Aug 19, 2008 Ami Olson Uncategorized
In 2006, the town of Geddes began a three-phase park project on a 1.9-acre parcel in the Lindbergh Lawn neighborhood of Lakeland. Funded with community development grants through Onondaga County, the park would be the first within walking distance of the neighborhood, and was planned to abut an edge of Longbranch Park, a county facility.
Earlier this summer, the town preceded with the third phase of the project, which included the installation of additional equipment, posts in the parking area, and what residents say should have been a hedgerow of shrubs to separate the two parks.
“We are very appreciate of every aspect of that park,” said John Fritzen, speaking on behalf of the residents of the Lindbergh Lawn neighborhood in Lakeland. “Up until that point, we were one hundred percent thrilled with it, thrilled with their efforts.”

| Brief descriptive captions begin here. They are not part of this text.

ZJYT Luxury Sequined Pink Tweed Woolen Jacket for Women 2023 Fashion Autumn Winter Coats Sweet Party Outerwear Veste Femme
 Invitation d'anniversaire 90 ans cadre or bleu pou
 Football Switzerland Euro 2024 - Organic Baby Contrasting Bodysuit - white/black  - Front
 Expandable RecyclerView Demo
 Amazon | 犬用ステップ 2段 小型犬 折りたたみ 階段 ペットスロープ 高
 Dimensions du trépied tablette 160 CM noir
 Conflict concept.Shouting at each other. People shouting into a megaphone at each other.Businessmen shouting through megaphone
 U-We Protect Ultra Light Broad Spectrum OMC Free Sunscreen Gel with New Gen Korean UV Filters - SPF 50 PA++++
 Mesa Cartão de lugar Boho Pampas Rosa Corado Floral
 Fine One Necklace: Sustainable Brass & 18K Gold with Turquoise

Fritzen said many of his neighbors were surprised one day to see a line of trees being planted around the perimeter of the park, in some places 30 feet within the boundary.
He brought these concerns to the town of Geddes board meeting last week.
Geddes Town Supervisor E. Robert Czaplicki explained the placement of the vegetation was changed from the original drawn plans due to concerns of the engineer and contractor. Czaplicki noted later that the park plans, along with all contracts the town makes, included a caveat to allow necessary changes to be made during construction.
“I really don’t understand what his argument is,” Czaplicki said later. “We put almost four hundred thousand dollars of taxpayer’s money into a parcel of land that at one point an apartment building was being considered for.”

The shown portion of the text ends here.